* _What you will do_
Filter the entries for the word "Shirt". Copy each line in which it occurs.

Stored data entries
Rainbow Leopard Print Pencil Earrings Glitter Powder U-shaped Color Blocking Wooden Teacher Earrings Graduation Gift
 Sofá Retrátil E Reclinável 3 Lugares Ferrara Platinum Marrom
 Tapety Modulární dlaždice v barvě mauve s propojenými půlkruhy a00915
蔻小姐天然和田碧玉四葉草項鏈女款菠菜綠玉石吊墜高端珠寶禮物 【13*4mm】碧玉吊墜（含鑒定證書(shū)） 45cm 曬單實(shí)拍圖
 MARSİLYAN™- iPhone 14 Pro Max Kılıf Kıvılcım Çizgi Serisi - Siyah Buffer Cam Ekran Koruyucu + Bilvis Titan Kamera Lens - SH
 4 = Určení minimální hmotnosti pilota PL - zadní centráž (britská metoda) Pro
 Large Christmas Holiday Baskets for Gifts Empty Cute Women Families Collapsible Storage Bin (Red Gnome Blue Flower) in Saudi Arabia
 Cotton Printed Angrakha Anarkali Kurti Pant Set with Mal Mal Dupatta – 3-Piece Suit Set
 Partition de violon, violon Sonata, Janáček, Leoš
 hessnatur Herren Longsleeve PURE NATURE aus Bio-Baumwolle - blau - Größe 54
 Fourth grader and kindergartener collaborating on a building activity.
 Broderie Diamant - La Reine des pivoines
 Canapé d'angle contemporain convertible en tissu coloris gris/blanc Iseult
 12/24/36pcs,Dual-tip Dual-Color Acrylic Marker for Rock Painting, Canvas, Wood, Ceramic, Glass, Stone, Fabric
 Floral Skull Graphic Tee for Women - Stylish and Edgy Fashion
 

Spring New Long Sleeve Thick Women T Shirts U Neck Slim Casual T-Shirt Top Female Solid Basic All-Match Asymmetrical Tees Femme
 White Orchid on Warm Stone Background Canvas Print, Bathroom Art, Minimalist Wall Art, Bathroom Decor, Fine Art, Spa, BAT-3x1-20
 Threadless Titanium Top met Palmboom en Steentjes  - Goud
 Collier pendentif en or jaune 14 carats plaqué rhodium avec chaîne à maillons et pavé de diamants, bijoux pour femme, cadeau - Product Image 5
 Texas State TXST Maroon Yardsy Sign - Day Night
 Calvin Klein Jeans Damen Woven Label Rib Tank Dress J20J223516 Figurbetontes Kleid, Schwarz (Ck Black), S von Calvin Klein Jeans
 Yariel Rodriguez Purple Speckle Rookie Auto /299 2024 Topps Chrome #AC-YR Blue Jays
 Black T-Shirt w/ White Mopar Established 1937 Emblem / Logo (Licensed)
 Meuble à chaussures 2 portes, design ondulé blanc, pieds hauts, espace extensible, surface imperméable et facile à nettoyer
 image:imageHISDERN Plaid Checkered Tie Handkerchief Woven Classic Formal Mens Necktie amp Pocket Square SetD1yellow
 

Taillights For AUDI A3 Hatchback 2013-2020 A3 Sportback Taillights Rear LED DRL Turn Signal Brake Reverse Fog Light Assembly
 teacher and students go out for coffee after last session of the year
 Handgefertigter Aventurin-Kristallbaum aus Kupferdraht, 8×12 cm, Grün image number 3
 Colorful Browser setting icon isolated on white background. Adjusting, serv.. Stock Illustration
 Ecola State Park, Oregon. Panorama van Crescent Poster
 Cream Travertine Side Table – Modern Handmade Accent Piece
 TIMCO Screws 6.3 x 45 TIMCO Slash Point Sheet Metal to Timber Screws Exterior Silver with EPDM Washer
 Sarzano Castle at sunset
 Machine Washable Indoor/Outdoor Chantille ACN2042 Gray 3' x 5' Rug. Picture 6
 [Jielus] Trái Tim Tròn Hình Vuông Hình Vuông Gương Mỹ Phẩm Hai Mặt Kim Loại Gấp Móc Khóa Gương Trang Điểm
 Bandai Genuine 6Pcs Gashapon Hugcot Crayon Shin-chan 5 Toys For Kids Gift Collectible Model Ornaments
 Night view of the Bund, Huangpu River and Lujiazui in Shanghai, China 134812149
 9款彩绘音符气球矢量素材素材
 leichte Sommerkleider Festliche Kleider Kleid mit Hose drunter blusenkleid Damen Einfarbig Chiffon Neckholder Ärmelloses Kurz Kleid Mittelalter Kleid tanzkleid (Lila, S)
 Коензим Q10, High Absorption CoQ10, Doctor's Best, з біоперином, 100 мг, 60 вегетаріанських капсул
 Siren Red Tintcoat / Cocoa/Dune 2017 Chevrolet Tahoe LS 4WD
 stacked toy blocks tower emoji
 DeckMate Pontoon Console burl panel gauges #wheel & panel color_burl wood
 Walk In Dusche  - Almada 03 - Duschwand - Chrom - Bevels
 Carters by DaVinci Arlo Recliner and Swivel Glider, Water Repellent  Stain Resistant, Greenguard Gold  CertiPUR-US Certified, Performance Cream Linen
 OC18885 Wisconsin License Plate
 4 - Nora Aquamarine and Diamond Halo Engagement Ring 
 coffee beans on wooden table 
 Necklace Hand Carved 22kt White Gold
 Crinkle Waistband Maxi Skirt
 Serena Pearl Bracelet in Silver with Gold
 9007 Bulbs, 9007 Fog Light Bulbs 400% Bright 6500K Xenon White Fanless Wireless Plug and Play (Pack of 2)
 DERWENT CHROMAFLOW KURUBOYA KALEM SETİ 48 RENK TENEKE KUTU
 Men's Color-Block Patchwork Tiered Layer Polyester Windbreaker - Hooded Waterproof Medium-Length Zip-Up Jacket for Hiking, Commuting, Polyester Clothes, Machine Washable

* _Exercise answer_
Spring New Long Sleeve Thick Women T Shirts U Neck Slim Casual T-Shirt Top Female Solid Basic All-Match Asymmetrical Tees Femme
 Black T-Shirt w/ White Mopar Established 1937 Emblem / Logo (Licensed)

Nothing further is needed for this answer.